Smart Business asked Guevara what companies can do to protect themselves.

What types of businesses confront environmental liability exposure?

Businesses of many types confront environmental liability exposure. For instance, the Comprehensive Environmental Response, Compensation and Liability Act — or CERCLA — identifies four categories of parties who, regardless of fault, must pay to clean up sites contaminated with hazardous substances: (1) current owners or operators of a site where a hazardous substance has been released; (2) past owners or operators of a site at the time hazardous substances were released; (3) any person who arranged for the disposal, transport or treatment of hazardous substances released at a site; and (4) any person who transports a hazardous substance to a site from which there has been a release.

Case law interpreting CERCLA has enlarged this list of liable parties to include successor corporations, lessees of current and former owners, corporate officers who were active in site operations, active shareholders, parent corporations, lenders and trustees.

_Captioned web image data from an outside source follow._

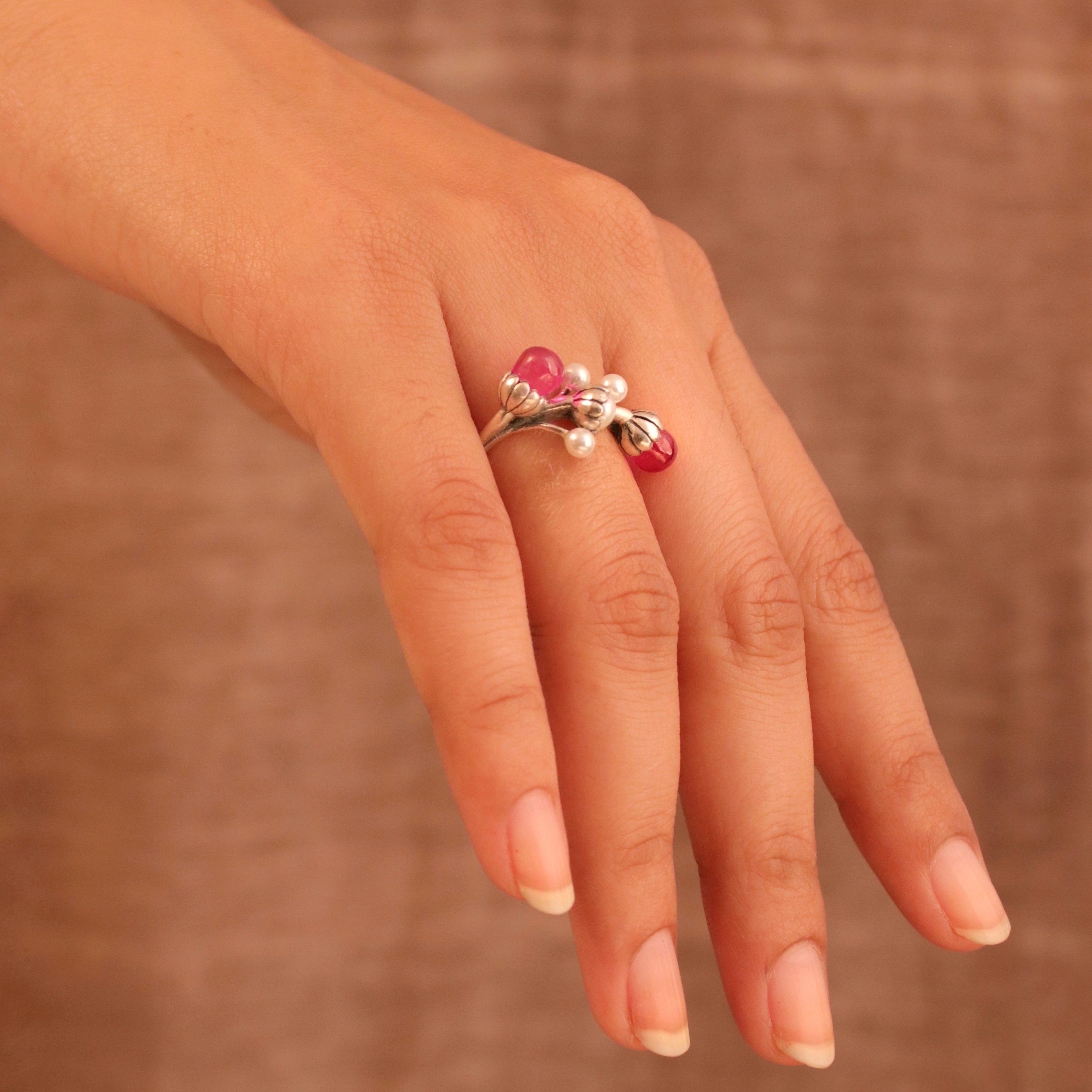 Gulabo Silver Finger Ring By MOHA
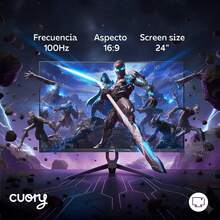 Monitor Curvo CUORY para PC Full HD 1080p| Gaming Alto Rendimiento con | Pantalla de PC Diseño Ultra Ligero (24 Pulgadas) - Ver 3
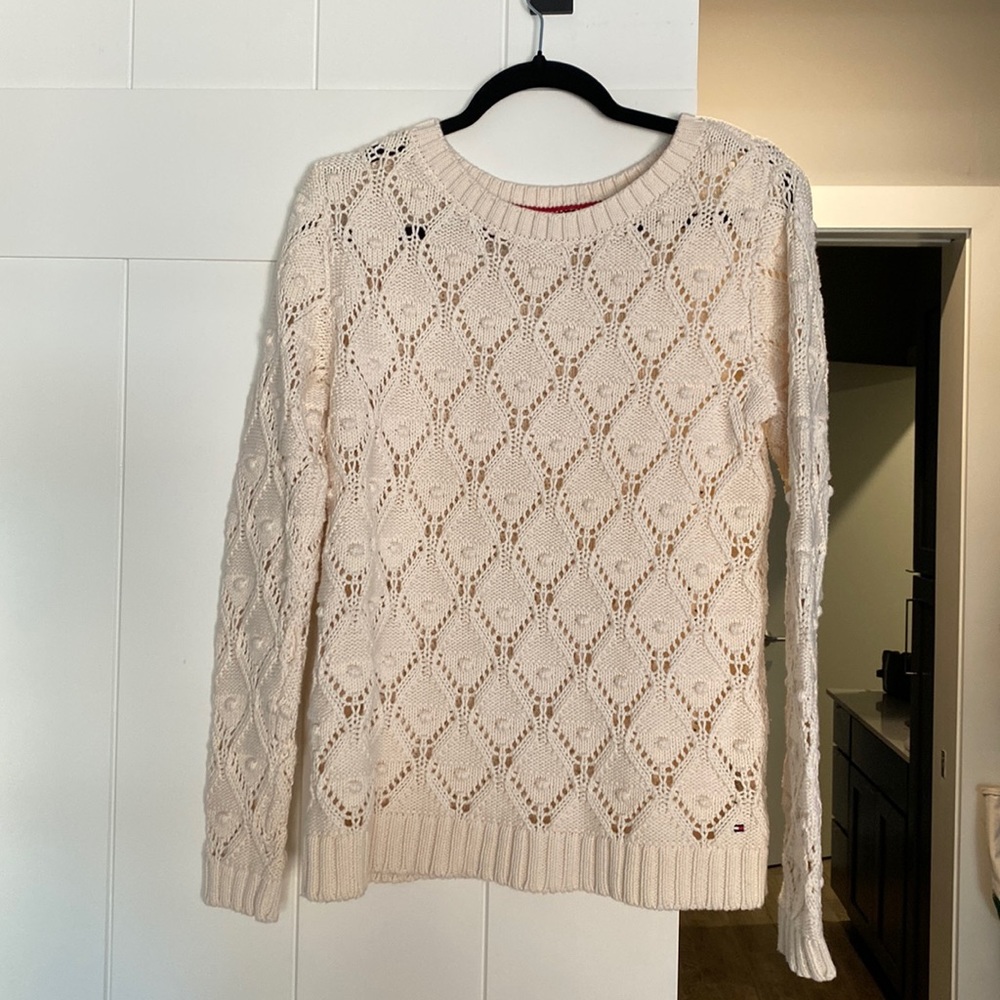 Tommy Hilfiger open knit cream white sweater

As a consequence of this broad classification of the liable parties under CERCLA, most any type of business can find itself potentially responsible for the costs of cleaning up contaminated property, which can amount to hundreds of thousands and even millions of dollars.

What is commercial general liability insurance?

First, commercial lines of insurance are those written specifically for businesses. Commercial insurance is an important investment for any business because it can protect against losses due to, for example, property damage, liability or worker injury.

Second, commercial general liability is a form of casualty insurance, which means it provides coverage for that liability exposure of a business due to accidents not otherwise excluded by the policy. Third, all commercial general liability policies are composed of four basic parts: the declarations, conditions, insuring agreement and exclusions. While each of these parts is important, it is the insuring agreement that states what is covered. In a commercial general liability policy, the insuring agreement generally states that the insurer will pay all sums the insured becomes legally liable to pay because of bodily injury or property damage to which the insurance applies and that the insurer has the right and duty to defend any suit against the insured seeking damages due to such bodily injury or property damage. Accordingly, commercial general liability insurance imposes two primary duties on the insurer — a duty to defend the insured in the event that it is sued for damages due to covered bodily injury or property damage, and a separate and distinct duty to indemnify the insured in the event that settlement of the suit is reached or a judgment is rendered.

Explain the insurer’s duty to defend.

The insurer’s duty to defend is much broader than its duty to indemnify and is triggered by the mere potential for coverage. Once the duty arises, it continues until the insurer is able to demonstrate the potential for coverage no longer exists. Accordingly, the insurer’s defense obligation does not depend upon a conclusive demonstration that the insurer must indemnify the insured. Rather, the insurer’s defense obligation centers on whether any of the facts asserted against the insured fall within the policy’s area of coverage. Only when the insurer can demonstrate that the facts underlying a claim show that the claim is clearly outside of the risk covered by the policy may the insurer properly refuse to provide the insured a defense. Because the costs of defending a suit seeking damages for environmental liability can often far exceed the amount of a settlement or judgment, the insurer’s duty to defend the insured is one of the most significant rights the insured has under a commercial general liability insurance policy.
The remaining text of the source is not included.